## Your instructions
Of all the lines below, return only those starting with the line holding "4 With Terrace 4* Espinho (Aveiro)" and going on through the line holding "But Please, Help Me Chapter 85 page 57", exactly as written.

━━ Extracted information ━━

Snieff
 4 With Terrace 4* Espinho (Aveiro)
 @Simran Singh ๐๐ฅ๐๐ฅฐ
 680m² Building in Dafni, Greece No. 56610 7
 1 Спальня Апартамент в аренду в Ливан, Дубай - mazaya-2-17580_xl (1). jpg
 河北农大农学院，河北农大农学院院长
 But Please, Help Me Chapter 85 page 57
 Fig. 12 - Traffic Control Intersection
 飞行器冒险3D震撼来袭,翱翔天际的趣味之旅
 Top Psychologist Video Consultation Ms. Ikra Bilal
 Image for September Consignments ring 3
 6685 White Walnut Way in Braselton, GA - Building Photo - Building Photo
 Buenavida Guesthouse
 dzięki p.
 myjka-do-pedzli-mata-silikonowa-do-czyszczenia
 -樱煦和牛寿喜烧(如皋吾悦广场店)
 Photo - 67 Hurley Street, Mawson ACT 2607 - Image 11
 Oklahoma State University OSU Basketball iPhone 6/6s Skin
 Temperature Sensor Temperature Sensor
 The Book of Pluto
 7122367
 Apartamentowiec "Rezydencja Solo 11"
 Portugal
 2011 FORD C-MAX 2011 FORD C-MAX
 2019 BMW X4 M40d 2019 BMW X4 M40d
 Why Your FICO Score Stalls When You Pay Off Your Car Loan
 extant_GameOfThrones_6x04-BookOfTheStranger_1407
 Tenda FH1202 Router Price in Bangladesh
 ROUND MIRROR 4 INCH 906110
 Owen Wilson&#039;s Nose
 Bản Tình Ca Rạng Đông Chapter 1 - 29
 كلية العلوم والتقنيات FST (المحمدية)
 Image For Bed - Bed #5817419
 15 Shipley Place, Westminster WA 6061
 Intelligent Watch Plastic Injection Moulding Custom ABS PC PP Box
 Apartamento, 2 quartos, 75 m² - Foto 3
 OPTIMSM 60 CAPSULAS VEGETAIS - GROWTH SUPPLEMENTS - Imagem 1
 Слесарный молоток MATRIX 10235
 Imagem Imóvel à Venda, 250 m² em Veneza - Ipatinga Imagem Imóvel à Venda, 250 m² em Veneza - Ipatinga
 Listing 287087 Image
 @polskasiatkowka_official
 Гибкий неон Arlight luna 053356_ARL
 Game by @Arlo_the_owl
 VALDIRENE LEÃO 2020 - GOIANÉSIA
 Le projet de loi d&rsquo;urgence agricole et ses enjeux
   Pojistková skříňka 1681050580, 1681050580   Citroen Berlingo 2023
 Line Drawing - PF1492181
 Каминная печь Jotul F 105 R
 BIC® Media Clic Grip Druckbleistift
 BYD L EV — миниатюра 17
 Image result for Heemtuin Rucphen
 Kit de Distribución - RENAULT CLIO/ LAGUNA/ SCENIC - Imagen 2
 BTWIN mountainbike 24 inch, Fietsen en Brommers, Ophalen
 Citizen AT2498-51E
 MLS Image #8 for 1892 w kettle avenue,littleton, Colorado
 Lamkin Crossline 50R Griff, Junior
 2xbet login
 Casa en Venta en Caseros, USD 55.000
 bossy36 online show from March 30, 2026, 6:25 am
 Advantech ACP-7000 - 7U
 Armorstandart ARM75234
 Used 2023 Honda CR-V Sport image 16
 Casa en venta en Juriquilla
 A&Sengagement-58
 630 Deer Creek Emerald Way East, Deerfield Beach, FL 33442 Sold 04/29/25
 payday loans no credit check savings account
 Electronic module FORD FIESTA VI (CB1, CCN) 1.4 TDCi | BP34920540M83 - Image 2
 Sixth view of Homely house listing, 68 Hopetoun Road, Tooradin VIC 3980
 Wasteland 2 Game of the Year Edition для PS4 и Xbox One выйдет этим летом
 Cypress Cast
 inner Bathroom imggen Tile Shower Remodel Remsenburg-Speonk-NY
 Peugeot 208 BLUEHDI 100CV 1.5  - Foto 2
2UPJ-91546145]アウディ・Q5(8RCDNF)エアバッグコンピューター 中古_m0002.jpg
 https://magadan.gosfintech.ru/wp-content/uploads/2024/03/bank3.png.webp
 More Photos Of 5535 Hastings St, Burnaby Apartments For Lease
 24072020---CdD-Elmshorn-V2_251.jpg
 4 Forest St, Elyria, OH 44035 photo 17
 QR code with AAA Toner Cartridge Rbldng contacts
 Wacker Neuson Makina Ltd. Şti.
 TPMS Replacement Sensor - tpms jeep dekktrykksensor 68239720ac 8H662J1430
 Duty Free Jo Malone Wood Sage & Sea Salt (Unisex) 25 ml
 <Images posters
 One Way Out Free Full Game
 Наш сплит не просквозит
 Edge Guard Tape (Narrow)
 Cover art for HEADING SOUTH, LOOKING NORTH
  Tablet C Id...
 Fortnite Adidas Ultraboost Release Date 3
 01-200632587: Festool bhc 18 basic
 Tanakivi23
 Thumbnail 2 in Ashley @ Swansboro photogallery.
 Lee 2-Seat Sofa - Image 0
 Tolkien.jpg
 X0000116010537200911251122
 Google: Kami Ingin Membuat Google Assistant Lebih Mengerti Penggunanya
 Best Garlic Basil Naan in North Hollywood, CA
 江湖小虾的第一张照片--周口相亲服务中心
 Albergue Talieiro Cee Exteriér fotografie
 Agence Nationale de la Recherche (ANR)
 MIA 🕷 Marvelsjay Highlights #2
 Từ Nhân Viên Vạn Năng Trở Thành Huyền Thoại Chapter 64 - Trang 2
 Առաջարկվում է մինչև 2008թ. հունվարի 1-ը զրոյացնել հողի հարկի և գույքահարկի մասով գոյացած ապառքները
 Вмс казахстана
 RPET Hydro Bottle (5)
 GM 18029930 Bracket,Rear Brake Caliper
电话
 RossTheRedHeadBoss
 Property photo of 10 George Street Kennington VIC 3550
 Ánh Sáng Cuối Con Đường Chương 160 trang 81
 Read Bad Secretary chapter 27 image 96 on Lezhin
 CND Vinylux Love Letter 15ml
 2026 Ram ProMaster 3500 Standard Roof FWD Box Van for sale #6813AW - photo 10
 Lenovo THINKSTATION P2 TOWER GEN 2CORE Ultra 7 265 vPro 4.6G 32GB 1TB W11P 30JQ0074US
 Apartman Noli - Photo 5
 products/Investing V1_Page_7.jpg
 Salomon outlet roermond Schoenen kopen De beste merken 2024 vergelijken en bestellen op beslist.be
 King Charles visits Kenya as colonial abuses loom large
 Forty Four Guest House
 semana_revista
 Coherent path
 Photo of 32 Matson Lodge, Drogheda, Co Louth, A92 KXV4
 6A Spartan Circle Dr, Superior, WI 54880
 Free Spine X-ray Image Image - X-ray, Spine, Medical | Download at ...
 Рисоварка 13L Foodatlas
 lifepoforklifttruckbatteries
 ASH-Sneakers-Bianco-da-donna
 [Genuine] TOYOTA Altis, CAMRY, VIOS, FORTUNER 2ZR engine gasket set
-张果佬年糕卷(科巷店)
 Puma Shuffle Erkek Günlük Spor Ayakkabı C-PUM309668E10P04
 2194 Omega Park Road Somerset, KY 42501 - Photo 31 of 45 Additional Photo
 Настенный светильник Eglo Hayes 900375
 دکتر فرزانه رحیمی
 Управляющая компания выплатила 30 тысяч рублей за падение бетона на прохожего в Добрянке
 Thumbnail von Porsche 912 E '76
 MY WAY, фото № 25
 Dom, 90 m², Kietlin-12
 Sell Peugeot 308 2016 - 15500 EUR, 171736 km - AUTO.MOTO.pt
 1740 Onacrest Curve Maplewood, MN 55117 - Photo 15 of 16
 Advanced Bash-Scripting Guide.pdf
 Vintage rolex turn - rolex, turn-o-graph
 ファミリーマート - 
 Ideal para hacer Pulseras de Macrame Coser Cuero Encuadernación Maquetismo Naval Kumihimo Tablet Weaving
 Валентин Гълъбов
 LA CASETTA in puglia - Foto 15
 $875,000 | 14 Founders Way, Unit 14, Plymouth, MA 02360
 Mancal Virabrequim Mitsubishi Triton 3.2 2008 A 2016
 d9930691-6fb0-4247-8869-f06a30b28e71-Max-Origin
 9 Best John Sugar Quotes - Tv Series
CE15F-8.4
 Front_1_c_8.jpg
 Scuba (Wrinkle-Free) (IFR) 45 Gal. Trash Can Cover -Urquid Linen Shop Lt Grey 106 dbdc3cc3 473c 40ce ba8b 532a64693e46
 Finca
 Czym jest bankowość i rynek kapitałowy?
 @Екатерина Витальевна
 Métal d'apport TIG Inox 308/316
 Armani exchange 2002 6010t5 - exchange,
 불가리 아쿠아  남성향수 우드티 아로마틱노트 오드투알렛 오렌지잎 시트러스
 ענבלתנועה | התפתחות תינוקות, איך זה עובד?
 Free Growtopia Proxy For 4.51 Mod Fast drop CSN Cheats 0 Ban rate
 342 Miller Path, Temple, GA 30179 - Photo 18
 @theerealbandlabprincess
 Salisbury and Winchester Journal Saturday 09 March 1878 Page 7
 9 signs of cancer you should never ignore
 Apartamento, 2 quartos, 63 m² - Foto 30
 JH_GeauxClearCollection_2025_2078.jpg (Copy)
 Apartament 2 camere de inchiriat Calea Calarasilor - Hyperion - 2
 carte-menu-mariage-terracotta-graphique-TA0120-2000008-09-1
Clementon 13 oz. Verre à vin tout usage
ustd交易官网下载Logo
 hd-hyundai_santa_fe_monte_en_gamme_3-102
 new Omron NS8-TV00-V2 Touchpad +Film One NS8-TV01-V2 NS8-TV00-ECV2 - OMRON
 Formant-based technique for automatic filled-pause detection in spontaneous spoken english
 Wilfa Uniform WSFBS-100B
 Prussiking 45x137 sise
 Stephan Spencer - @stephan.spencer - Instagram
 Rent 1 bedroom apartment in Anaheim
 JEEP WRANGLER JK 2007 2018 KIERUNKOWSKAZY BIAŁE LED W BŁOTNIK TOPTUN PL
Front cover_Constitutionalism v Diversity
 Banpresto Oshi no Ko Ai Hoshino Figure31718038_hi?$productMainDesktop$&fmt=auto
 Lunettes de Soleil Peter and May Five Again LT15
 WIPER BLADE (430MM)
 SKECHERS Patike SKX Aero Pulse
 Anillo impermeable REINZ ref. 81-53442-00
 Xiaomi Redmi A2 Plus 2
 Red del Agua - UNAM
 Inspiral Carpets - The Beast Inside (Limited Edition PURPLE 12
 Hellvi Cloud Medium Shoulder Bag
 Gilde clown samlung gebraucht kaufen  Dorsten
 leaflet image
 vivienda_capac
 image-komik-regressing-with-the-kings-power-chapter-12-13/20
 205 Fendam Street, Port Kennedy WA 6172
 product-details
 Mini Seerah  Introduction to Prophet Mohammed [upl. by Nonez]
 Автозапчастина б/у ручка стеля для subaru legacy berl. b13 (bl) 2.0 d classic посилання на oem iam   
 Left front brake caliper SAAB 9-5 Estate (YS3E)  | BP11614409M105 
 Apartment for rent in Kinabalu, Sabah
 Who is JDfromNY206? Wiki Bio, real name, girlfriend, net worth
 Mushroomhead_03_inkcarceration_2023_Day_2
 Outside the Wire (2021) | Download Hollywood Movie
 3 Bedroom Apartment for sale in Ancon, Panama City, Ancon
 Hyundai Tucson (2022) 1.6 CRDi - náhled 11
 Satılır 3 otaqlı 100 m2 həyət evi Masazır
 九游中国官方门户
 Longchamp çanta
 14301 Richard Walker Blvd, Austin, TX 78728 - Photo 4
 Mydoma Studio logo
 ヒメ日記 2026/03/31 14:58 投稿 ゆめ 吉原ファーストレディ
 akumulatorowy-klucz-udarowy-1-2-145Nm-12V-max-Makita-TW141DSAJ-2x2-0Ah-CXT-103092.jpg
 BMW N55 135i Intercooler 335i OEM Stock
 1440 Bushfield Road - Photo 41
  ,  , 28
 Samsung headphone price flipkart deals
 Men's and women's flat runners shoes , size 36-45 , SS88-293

━━━

## Answer to the problem
 4 With Terrace 4* Espinho (Aveiro)
 @Simran Singh ๐๐ฅ๐๐ฅฐ
 680m² Building in Dafni, Greece No. 56610 7
 1 Спальня Апартамент в аренду в Ливан, Дубай - mazaya-2-17580_xl (1). jpg
 河北农大农学院，河北农大农学院院长
 But Please, Help Me Chapter 85 page 57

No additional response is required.